Less red tape please

A refreshingly honest blog post from Chris Blattman, associate professor at Columbia University, gives insight into the frustratingly bureaucratic world of international aid. After sitting on a panel debate looking at how to improve the humanitarian system through cash transfers, he witnessed how political wrangling, endless regulations, and poor global cooperation hinder real progress in the field: “It’s amazing how often the US government came up as an obstacle to doing the right thing.” Near the end, he reserved one particularly scathing point for the UN: “If anyone can figure out how to take $10 to give a refugee $1, they will.”

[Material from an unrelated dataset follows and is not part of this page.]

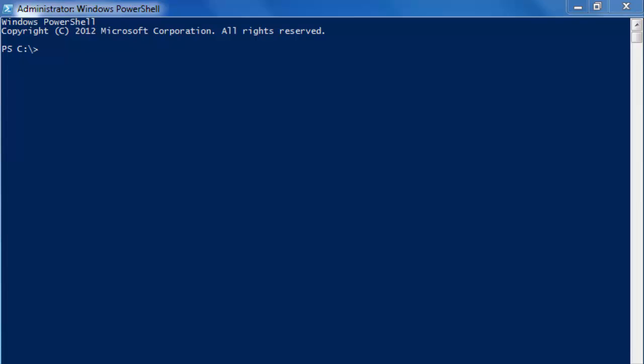We can create folders in Windows Explorer, but let's do that in PowerShell. We have a commandlet called new-item which lets us create folders and files and other stuff, so let's try it out.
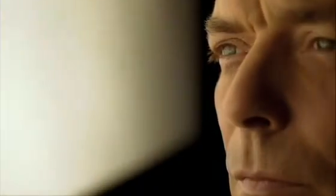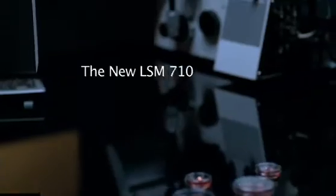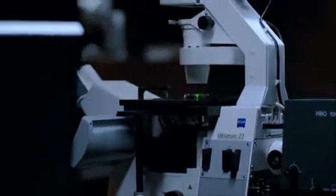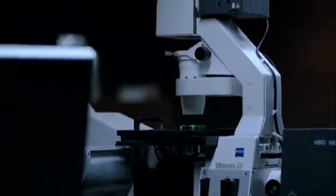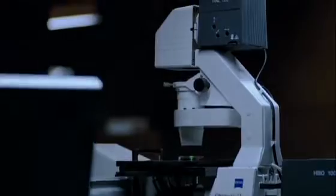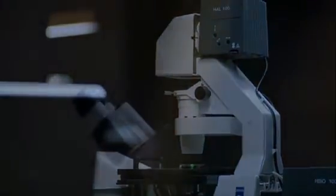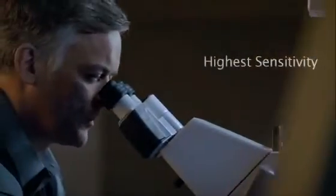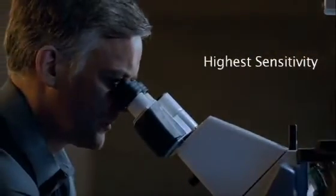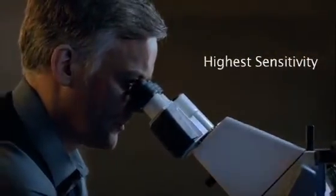Carl Zeiss has pioneered crucial advancements in laser scanning microscopy. The new LSM 710 incorporates all the advantages of existing confocal systems and takes them one step further. Its sensitivity and noise suppression sets a new benchmark so even the weakest signals become visible.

A bungled response to Ebola

Bad chlorine, missing buckets and barely-there health systems: just some of the lowlights in this must-read investigation by the Associated Press, which finds that the World Health Organization and other responders utterly failed to cope with the Ebola epidemic in West Africa. It exposes how a lack of supplies led hospital staff in Sierra Leone to wear ill-fitting gloves and stray plastic packaging to protect their feet. Joseph Fair, a US expert who advised the Sierra Leonean government, recalls “death by conference call”: health officials argued about the colour of bodybags and whether to order more ambulances even as supplies dwindled and people continued to die.

One to listen to:

Frenemy of the Yemeni

In this week’s Global Thinkers podcast from Foreign Policy, host Amanda Silverman is joined by journalist Elizabeth Dickinson and activist Farea al-Muslimi to discuss Saudi Arabia’s risky role in Yemen’s conflict, and what the West could do to intervene. Al-Muslimi argues that when the richest Arab countries bomb the poorest ones, it changes local political dynamics for the worse. Dickinson agrees: “[It’s] really emblematic not of Saudi power but in fact of their feebleness in their ability to create or facilitate a political solution.” They conclude that the crisis cannot be solved by military might, but seem optimistic that it’s not too late to broker peace between rival sides “if there is enough international will.”

One to look at:

How to stop a genocide

Genocide is rare and devastating – but also preventable. This week, the Simon-Skjodt Center for the Prevention of Genocide launched the Early Warning Project, which aims at predicting future state-led mass atrocities by tracking assaults on minorities in various countries. Using state-of-the-art statistical analysis, feedback from regional experts, as well as models put forward by political scientists, their world map highlights countries at the highest risk of experiencing a future episode of genocide:

The top 10 include Myanmar, Sudan, and even Yemen. Ultimately, many lives are at stake every day in such nations. The project aims to provide advocacy groups and governments with “more opportunity to take action well before killings occur.”

From IRIN:

Drifting in the delta

“When the wind is heavy and the waves are big we get afraid. Sometimes we fear we will sink.” Hkin San Htay, a rice farmer and mother of four, was left with a rickety house standing on stilts only a foot above the water after parts of Irrawaddy delta in Myanmar suffered its worst flooding in decades. Our photo feature from the region looks at how locals are coping with the aftermath of Cyclone Komen, which hit roughly two months ago. In the outskirts of Pathein, people continue to wade through flooded streets, while in the village of Sit Pin Gyi, some are improvising by paddling in makeshift boats and salvaging what’s left.